Cosmo Girl Couric's America
"We" little problems.
By Jonah Goldberg
In a recent speech at the National Press Club, Katie Couric expressed somber disapproval of the jingoistic excesses after 9/11. Among the things that vexed her: “The whole culture of wearing flags on our lapel and saying ‘we’ when referring to the United States.” From what I can tell, nobody among the journalistic swells bothered to ask, “Who isn’t ‘we,’ Kemo Sabe?”
I don’t want to revisit those supposedly Orwellian flag pins, which sat so heavily on so many journalistic lapels. But it’s worth recalling that during World War II, civilian correspondent Walter Cronkite — whose anchor job Couric now holds — gladly wore a uniform, not just a pin, and subjected himself to military censors. He also used, I’m sure, the word “we” when referring to Americans.
To be clear, I have no interest in questioning Couric’s patriotism. Rather, I’m interested in questioning her definition of it.
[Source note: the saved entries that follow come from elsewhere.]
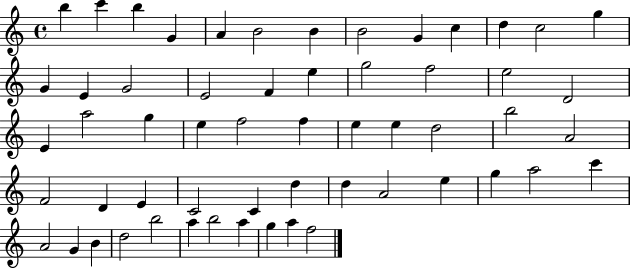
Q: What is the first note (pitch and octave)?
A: B5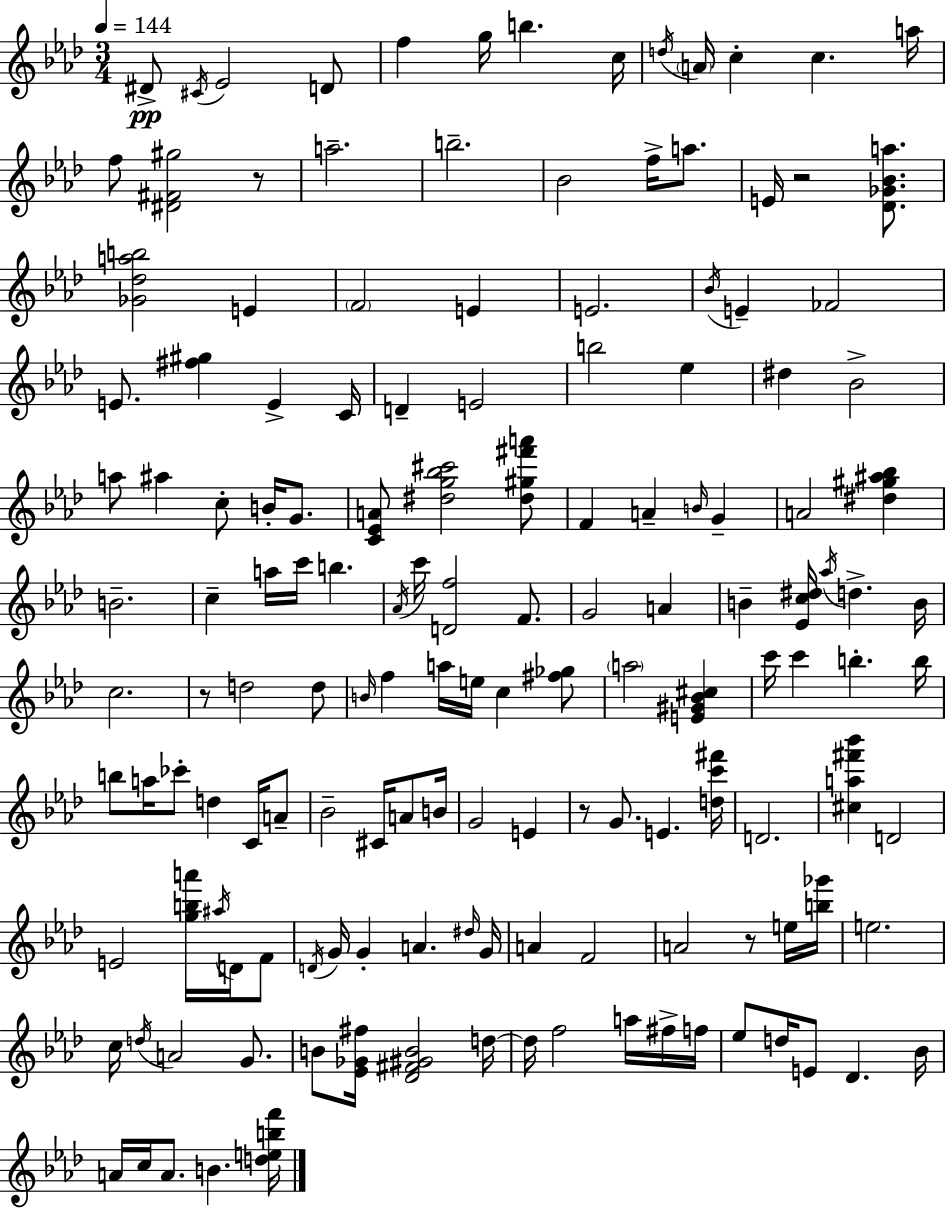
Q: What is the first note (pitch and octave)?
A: D#4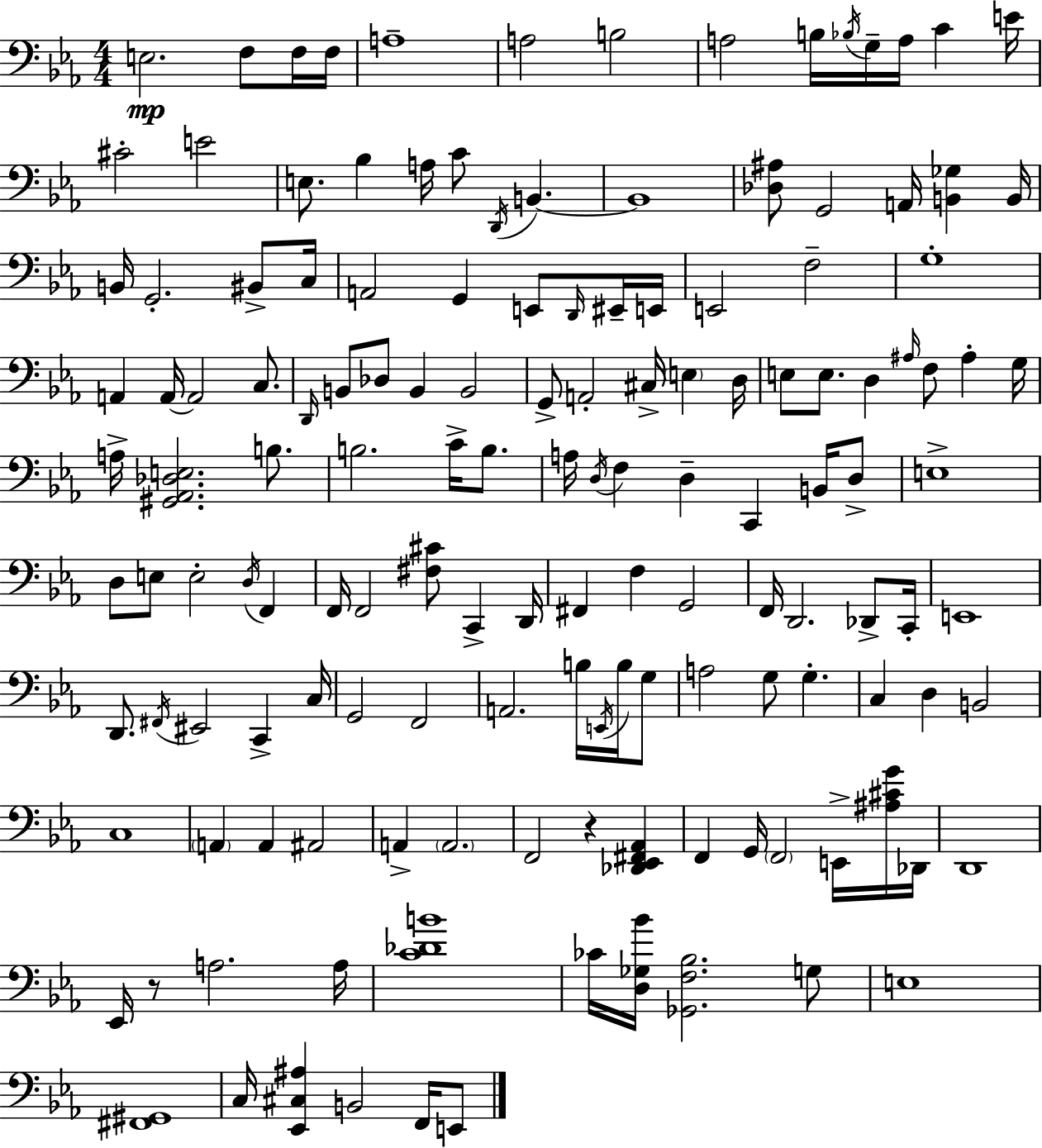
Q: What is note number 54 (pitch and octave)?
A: E3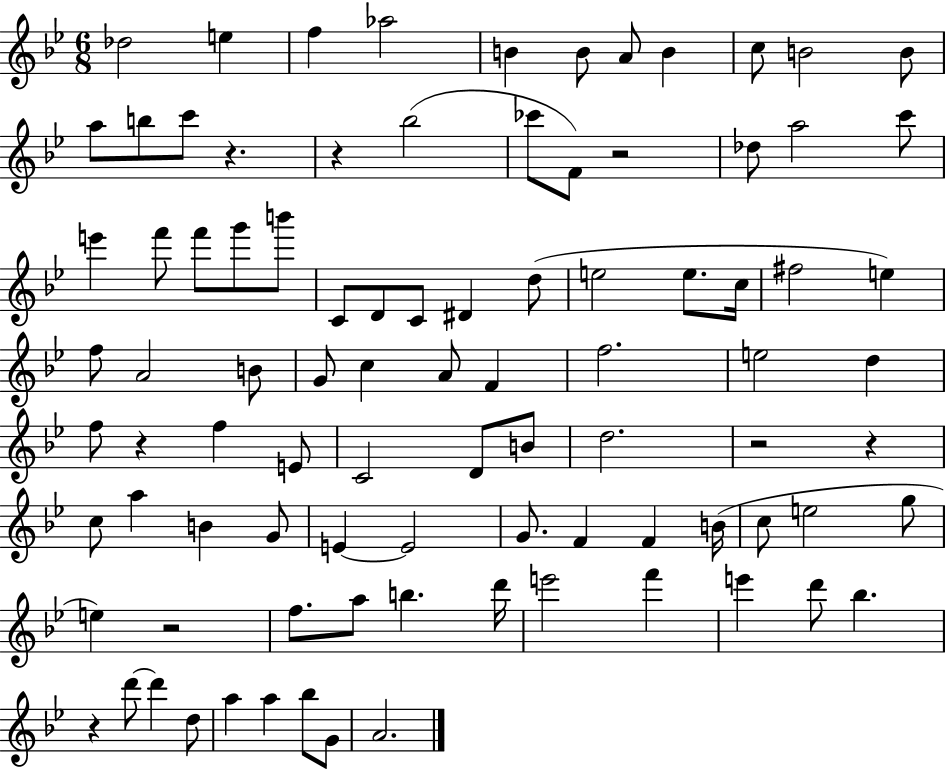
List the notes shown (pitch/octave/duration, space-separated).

Db5/h E5/q F5/q Ab5/h B4/q B4/e A4/e B4/q C5/e B4/h B4/e A5/e B5/e C6/e R/q. R/q Bb5/h CES6/e F4/e R/h Db5/e A5/h C6/e E6/q F6/e F6/e G6/e B6/e C4/e D4/e C4/e D#4/q D5/e E5/h E5/e. C5/s F#5/h E5/q F5/e A4/h B4/e G4/e C5/q A4/e F4/q F5/h. E5/h D5/q F5/e R/q F5/q E4/e C4/h D4/e B4/e D5/h. R/h R/q C5/e A5/q B4/q G4/e E4/q E4/h G4/e. F4/q F4/q B4/s C5/e E5/h G5/e E5/q R/h F5/e. A5/e B5/q. D6/s E6/h F6/q E6/q D6/e Bb5/q. R/q D6/e D6/q D5/e A5/q A5/q Bb5/e G4/e A4/h.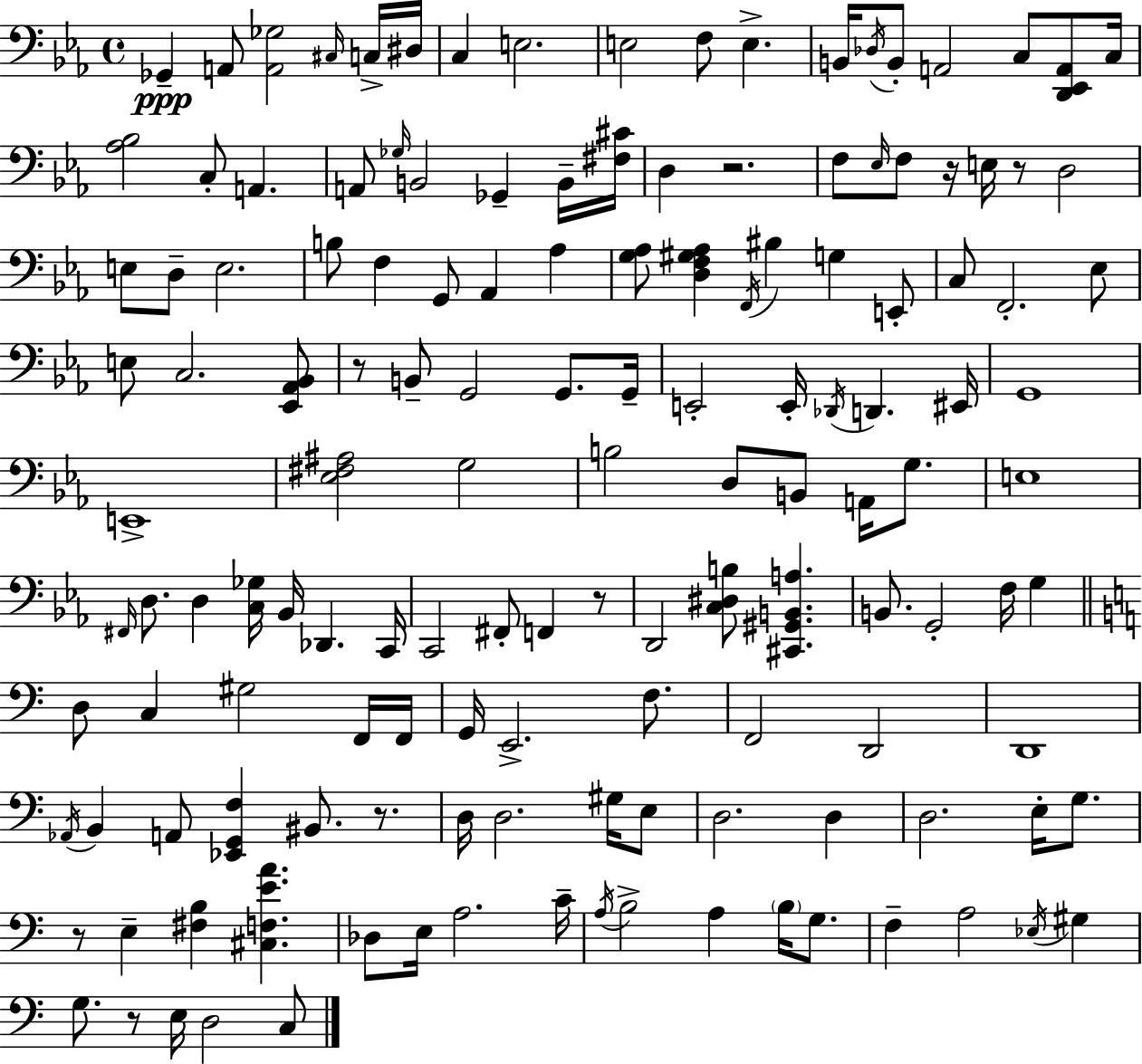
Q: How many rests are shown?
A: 8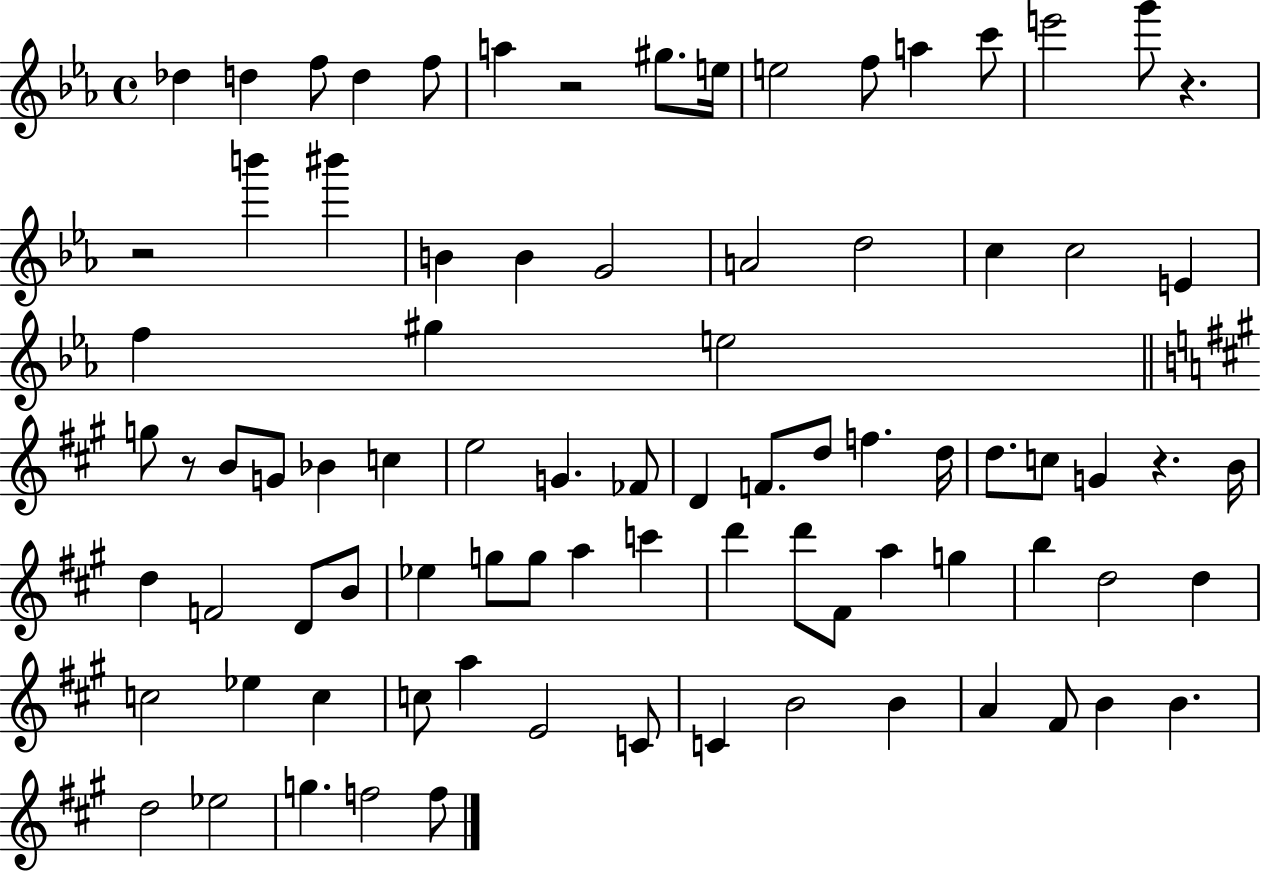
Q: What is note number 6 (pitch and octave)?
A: A5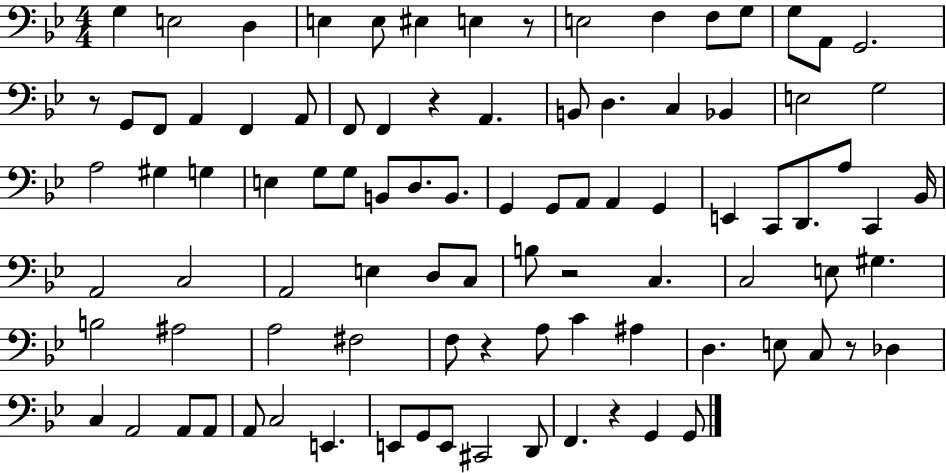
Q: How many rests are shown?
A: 7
I’ve come around to the view that the culture war can best be understood as a conflict between two different kinds of patriotism. On the one hand, there are people who believe being an American is all about dissent and change, that the American idea is inseparable from “progress.” America is certainly an idea, but it is not merely an idea. It is also a nation with a culture as real as France’s or Mexico’s. That’s where the other patriots come in; they think patriotism is about preserving Americanness.
Yet the strangest and most ironic aspect of our national culture is that we have an aversion to talking about a national culture. Samuel Huntington, one of the country’s premier social scientists, has become something of a pariah for constantly reminding people (in books such as The Clash of Civilizations and Who Are We?) that America is a nation, not just a government and a bunch of interest groups.
Many liberals hear talk of national culture and shout “Nativist!” first and ask questions later, if at all. They believe it is a sign of their patriotism that they hold fast to the idea that we are a “nation of immigrants” — forgetting that we are also a nation of immigrants who became Americans.
As the host of The Today Show in 2003, Couric said of the lost crew members of the space shuttle Columbia: “They were an airborne United Nations — men, women, an African-American, an Indian woman, an Israeli. ...” As my colleague Mark Steyn noted, they weren’t an airborne U.N., they were an airborne America. The “Indian woman” came to America in the 1980s, and, in about a decade’s time, she was an astronaut. “There’s no other country on Earth where you can do that,” Steyn rightly noted.